Im April 2014 hatte der Gerichtshof der Europäischen Union die Richtlinie 2006/24/EG über die Vorratsspeicherung von Daten für ungültig erklärt (Az. C-293/12 und C-594/12). Sie beinhalte einen Eingriff von großem Ausmaß und von besonderer Schwere in Grundrechte, ohne dass sie Bestimmungen enthielte, die zu gewährleisten vermögen, dass sich der Eingriff tatsächlich auf das absolut Notwendige beschränkt. Mit zwei weiteren Urteilen vom 06. Oktober 2020 (Az. C-623/17, C-511/18, C-512/18 und C-520/18) hat der Gerichtshof diese Rechtsprechung bestätigt und nuanciert. Dennoch befürchteten verschiedene nationale Gerichte, dass diese Rechtsprechung den staatlichen Behörden ein notwendiges Instrument zum Schutz der nationalen Sicherheit und zur Bekämpfung von Kriminalität und Terrorismus vorenthalten könne. Auch das Bundesverwaltungsgericht wandte sich mit einem Vorabentscheidungsersuchen an den EuGH; dem Gericht lagen Verfahren vor, mit denen den Klagen der Provider Deutsche Telekom und SpaceNet gegen die Bundesnetzagentur stattgegeben worden war. Sie hatten sich mit Erfolg gegen die Verpflichtung zur Vorratsspeicherung von Verkehrsdaten der elektronischen Kommunikation ihrer Kunden gewehrt.

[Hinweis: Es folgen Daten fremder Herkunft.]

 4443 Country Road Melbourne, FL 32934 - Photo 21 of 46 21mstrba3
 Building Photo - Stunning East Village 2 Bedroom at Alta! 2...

In seinen Schlussanträgen (C-793/19 und C-794/19, C-140/20 sowie C-339/20 und C-397/20) vertritt Generalanwalt Manuel Campos Sánchez-Bordona die Auffassung, dass die Antworten auf alle vorgelegten Fragen bereits in der Rechtsprechung des Gerichtshofs zu finden seien oder unschwer aus ihr abgeleitet werden könnten. Er erkennt zwar an, dass sich in den deutschen Rechtsvorschriften Fortschritte bei der Umsetzung der Urteile des EuGH manifestieren. Er kommt jedoch auch zu dem Ergebnis, dass sich die mit diesen Rechtsvorschriften auferlegte Verpflichtung zu einer allgemeinen und unterschiedslosen Vorratsspeicherung auf eine große Vielzahl von Verkehrs- und Standortdaten erstrecke. Die zeitliche Begrenzung, die für diese Vorratsspeicherung gelte, heile diesen Mangel nicht, da, abgesehen von dem gerechtfertigten Fall der Verteidigung der nationalen Sicherheit, die Speicherung von Daten über die elektronische Kommunikation selektiv erfolgen müsse, aufgrund der schweren Gefahr, die mit der allgemeinen Speicherung dieser Daten verbunden sei. Der Generalanwalt erinnert außerdem daran, dass in jedem Fall der Zugang zu diesen Daten einen schwerwiegenden Eingriff in die Grundrechte auf Familien- und Privatleben sowie den Schutz personenbezogener Daten darstelle, unabhängig von der Länge des Zeitraums, für den der Zugang zu den genannten Daten begehrt werde. Oder anders ausgedrückt: Sánchez-Bordona hält die nationalen Regelungen zur Vorratsdatenspeicherung für unvereinbar mit EU-Recht und ist genervt, dass der Gesetzgeber dennoch immer wieder versucht, sie einzuführen. Die allgemeine und unterschiedslose Vorratsspeicherung von Verkehrs- und Standortdaten im Bereich der elektronischen Kommunikation sei nur bei einer ernsten Bedrohung für die nationale Sicherheit erlaubt, so der Generalanwalt.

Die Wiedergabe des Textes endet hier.